Widawski nació en 1919 en la ciudad polaca de Turek, cerca de Lodz, en el seno de una familia religiosa. Su padre, Abraham, era comerciante, y su madre, Dobrish-Leah, era ama de casa. Durante la Segunda Guerra Mundial sobrevivió al gueto y al campo de exterminio de Auschwitz.
Tras la guerra, finalizada en 1945, regresó a Lodz y se casó con Dobrish, también sobreviviente del Holocausto. Con ella tuvo a Avraham en Polonia. En 1950, la familia emigró a Israel y se estableció en Tel Aviv, donde nació su hija Leah.
Widawski dedicó parte de su vida a preservar la memoria de las comunidades judías destruidas durante la Shoá y a restaurar cementerios judíos en Polonia. En su testimonio brindado a Yad Vashem, recordó el período posterior al Holocausto y su trabajo para recuperar y restaurar tumbas judías en Lodz, donde existía una importante comunidad judía antes de la Segunda Guerra Mundial.

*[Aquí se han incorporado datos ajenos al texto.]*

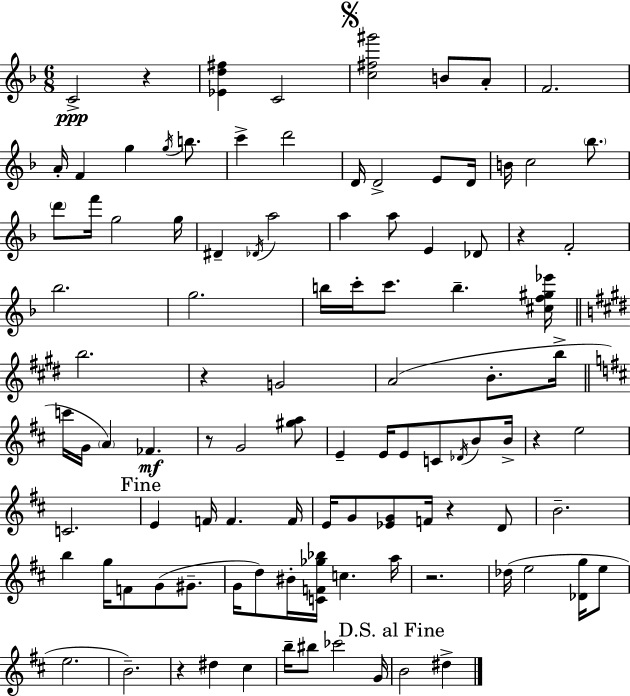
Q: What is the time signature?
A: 6/8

En una entrevista con Ynet hace siete años, Widawski describió lo que consideraba su venganza contra los nazis: «Mi venganza contra los nazis es que perdieron y que ahora tenemos el Estado de Israel. Somos libres y fuertes, y nadie podrá destruirnos jamás».
En 2012, Yad Vashem lo seleccionó para encender una antorcha en la ceremonia oficial del Día de Conmemoración del Holocausto en Israel.
El presidente de Israel, Isaac Herzog, lamentó el fallecimiento y recordó el encuentro que tuvo con Widawski cuando este tenía 104 años. «Me entristeció enterarme del fallecimiento de Yehuda Aharon Widawski, de bendita memoria, sobreviviente de Auschwitz y de los campos nazis, a la edad de 107 años», declaró Herzog. «Cuando tenía 104 años, tuve el privilegio de hospedar a Yehuda en la Residencia Presidencial junto con su maravillosa familia. Me conmovió escuchar la historia de su vida y su decisión de regresar a Polonia años después de emigrar a Israel para buscar la tumba de su abuela», agregó.
Con su muerte desaparece uno de los últimos testigos directos de una generación que sufrió la persecución nazi, la vida en los guetos y la deportación a los campos de exterminio.